**PROBLEM TO SOLVE**
Give again, exactly as written, each line of the material below starting at the line that contains "DeWalt D28710-XE 355mm Chop Saw Image 1++" and ending at the line that contains "Taylor 324 Vinyl". Both ends count, and no other line does.

*** Opening of RECORDS FOR THIS TASK ***

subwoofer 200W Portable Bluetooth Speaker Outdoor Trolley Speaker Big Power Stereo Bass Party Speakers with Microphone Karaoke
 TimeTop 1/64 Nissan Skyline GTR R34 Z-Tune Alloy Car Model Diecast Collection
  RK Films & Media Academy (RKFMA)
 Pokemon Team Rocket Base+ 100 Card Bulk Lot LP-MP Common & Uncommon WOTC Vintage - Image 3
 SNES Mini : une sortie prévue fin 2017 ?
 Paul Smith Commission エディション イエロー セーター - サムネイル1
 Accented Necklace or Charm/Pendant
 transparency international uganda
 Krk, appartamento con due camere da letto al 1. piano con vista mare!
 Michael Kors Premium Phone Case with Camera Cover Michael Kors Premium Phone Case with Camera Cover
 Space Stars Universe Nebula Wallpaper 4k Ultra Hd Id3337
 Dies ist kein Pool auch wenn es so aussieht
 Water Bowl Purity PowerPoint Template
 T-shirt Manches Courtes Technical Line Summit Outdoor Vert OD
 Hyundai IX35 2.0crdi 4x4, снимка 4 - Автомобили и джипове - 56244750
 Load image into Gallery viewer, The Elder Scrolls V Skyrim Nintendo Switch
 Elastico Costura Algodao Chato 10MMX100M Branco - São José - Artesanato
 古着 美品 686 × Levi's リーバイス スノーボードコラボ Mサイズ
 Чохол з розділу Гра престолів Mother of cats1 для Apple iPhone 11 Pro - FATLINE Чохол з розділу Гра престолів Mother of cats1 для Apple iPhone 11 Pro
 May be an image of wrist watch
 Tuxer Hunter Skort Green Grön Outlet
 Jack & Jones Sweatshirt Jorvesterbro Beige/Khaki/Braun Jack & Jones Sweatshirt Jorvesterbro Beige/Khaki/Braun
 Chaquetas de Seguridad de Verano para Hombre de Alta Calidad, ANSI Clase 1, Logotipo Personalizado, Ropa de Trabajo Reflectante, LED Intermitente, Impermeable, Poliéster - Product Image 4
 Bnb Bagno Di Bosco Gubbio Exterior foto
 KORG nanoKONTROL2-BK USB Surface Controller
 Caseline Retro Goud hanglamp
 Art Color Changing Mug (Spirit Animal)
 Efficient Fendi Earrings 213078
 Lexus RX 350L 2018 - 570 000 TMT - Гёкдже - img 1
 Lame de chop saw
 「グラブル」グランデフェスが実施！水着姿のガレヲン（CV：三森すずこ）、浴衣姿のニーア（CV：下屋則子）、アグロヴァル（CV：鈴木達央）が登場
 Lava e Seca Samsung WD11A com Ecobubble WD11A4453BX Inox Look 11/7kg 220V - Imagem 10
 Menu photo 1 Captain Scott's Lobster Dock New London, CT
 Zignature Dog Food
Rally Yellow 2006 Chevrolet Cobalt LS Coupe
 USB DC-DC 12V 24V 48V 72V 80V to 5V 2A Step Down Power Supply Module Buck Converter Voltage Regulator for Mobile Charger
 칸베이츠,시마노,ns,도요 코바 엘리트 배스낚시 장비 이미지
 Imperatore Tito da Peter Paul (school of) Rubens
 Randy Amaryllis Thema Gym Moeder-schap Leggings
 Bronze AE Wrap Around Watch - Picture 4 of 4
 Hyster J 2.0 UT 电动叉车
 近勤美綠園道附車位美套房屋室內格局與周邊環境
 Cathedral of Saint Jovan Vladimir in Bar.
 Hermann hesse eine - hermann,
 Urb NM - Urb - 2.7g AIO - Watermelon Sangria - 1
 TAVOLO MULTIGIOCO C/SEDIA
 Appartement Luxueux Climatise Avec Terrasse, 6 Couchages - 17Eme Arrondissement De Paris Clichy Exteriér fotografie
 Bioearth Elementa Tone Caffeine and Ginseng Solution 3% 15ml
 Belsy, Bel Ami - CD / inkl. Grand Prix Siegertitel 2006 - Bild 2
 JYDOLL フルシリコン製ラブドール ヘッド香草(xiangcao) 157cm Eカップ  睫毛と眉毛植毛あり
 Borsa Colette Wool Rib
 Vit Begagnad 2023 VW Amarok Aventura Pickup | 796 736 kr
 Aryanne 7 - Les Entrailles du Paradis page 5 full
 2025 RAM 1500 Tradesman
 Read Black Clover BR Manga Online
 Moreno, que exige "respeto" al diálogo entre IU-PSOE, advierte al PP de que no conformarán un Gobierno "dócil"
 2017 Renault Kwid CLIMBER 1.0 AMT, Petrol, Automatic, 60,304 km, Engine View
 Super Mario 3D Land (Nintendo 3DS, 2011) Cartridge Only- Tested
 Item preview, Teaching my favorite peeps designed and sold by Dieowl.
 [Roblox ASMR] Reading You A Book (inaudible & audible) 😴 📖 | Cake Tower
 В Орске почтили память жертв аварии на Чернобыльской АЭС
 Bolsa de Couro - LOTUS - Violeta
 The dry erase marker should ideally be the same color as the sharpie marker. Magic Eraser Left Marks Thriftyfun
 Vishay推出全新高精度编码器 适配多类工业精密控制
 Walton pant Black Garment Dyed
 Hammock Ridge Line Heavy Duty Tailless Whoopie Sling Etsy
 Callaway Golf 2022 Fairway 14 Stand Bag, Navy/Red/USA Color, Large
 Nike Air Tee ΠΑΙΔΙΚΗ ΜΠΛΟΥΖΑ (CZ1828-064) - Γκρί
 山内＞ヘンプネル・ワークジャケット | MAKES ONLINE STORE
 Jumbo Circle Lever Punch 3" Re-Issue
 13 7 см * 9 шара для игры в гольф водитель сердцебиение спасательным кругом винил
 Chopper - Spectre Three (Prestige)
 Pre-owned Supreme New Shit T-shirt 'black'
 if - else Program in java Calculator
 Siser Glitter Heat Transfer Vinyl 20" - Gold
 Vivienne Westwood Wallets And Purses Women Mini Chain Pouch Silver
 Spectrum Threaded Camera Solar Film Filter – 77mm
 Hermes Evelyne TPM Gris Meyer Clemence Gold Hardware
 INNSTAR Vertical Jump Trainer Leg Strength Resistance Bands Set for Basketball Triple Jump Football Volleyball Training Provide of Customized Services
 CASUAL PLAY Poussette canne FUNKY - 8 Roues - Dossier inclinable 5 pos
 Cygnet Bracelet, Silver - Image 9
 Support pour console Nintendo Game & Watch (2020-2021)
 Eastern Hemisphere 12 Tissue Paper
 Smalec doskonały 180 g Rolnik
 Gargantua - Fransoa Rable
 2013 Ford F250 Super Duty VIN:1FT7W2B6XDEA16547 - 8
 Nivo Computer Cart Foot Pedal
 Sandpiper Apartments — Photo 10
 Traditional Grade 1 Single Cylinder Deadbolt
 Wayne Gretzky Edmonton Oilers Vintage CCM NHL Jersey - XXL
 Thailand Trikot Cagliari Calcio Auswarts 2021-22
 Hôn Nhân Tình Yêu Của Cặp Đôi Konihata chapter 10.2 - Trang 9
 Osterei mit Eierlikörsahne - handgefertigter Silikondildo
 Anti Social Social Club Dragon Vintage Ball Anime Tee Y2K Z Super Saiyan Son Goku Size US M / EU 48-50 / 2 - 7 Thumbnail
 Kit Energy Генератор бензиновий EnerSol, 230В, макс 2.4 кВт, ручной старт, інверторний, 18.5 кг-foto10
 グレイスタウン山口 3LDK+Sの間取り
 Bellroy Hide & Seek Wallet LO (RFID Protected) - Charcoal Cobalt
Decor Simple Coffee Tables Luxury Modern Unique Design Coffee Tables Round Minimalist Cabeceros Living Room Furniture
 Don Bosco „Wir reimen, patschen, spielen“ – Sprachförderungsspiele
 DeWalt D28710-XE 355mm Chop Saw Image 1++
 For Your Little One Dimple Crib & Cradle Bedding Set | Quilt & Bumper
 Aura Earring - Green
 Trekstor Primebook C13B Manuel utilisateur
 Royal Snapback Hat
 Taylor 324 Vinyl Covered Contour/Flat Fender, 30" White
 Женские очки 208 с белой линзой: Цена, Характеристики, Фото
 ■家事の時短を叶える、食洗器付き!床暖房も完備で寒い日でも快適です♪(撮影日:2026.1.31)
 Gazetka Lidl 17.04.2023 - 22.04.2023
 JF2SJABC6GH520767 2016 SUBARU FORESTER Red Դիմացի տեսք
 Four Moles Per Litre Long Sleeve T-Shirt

*** Close of RECORDS FOR THIS TASK ***

**SOLUTION**
 DeWalt D28710-XE 355mm Chop Saw Image 1++
 For Your Little One Dimple Crib & Cradle Bedding Set | Quilt & Bumper
 Aura Earring - Green
 Trekstor Primebook C13B Manuel utilisateur
 Royal Snapback Hat
 Taylor 324 Vinyl Covered Contour/Flat Fender, 30" White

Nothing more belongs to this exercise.